YOUR INSTRUCTIONS ▸
Print exactly the lines from the one containing "篮球比赛开始了写一段话怎么写三年级下册" through the last line of the entries below; the pictures stay out of the copy.

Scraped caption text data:
Content starts
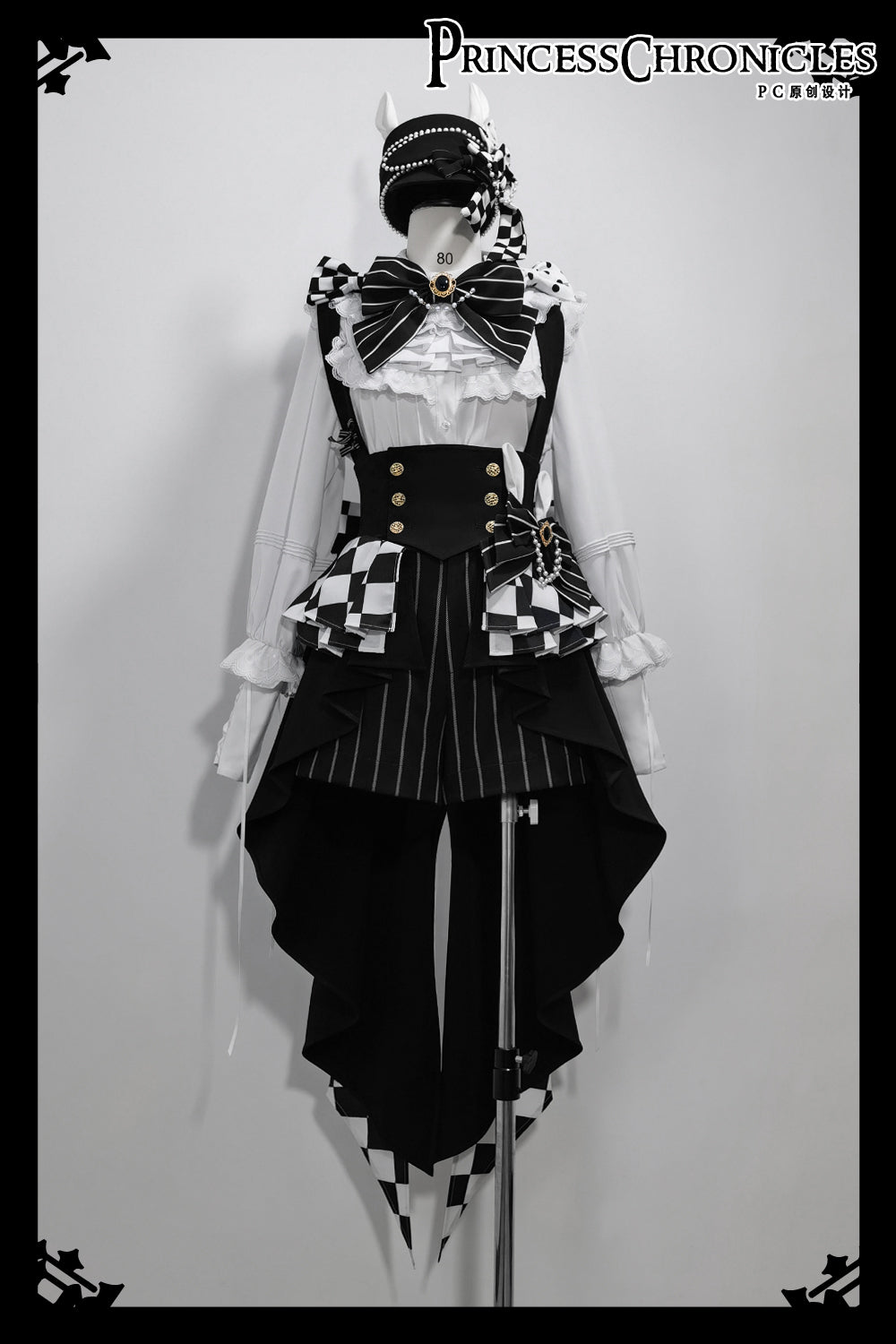 Princess Chronicles - Rabbit Theater - Chessboard Ouji Fashion Shirt Set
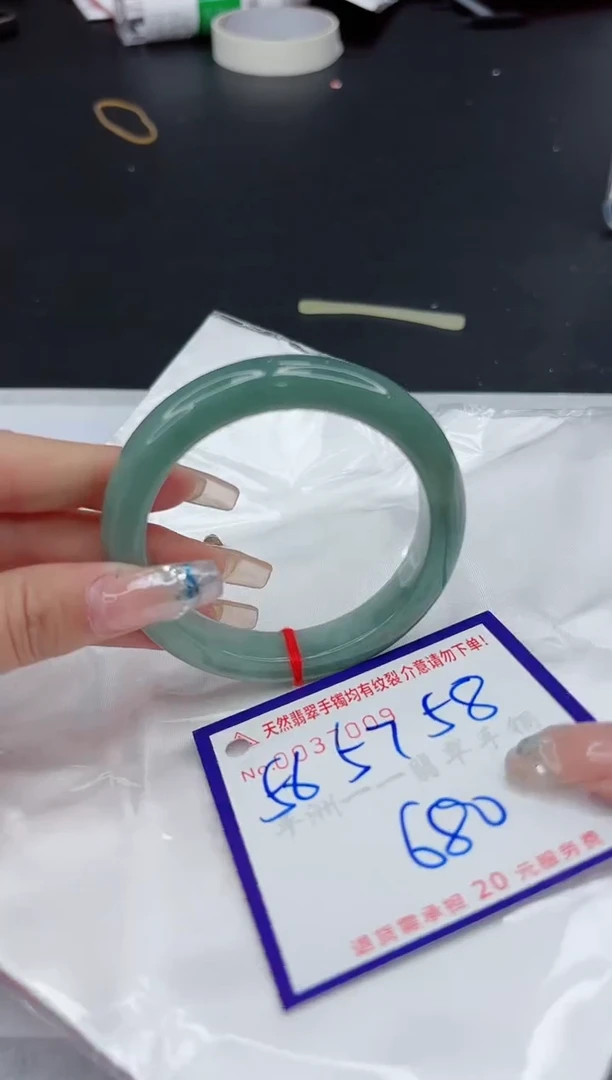 【闪购商品】翡翠手镯未镶嵌11111111111111111111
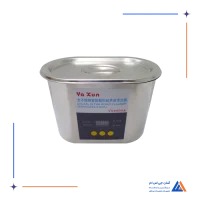 التراسونیک YAXUN YX2000A
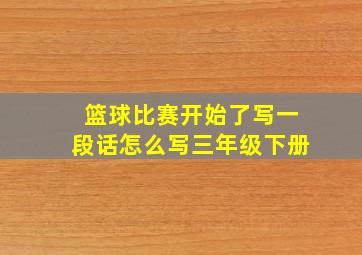 篮球比赛开始了写一段话怎么写三年级下册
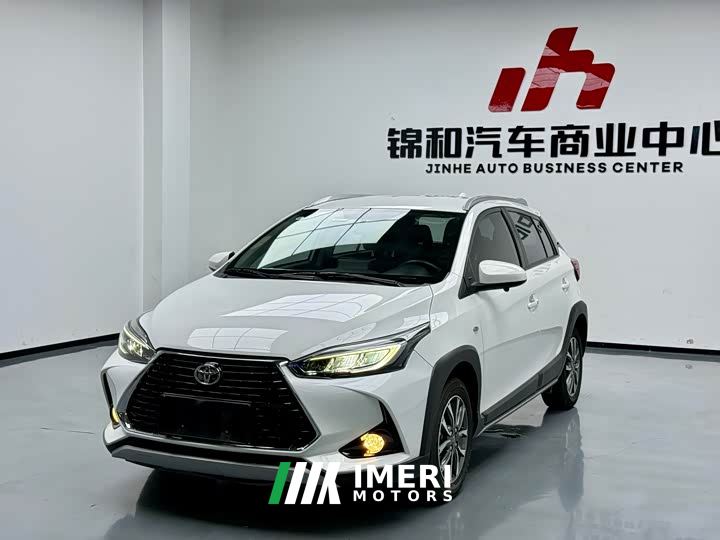Toyota Yaris L Zhixuan X 1.5L CVT Luxury Plus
Content ends
WRITTEN REPLY ▸
 篮球比赛开始了写一段话怎么写三年级下册
Toyota Yaris L Zhixuan X 1.5L CVT Luxury Plus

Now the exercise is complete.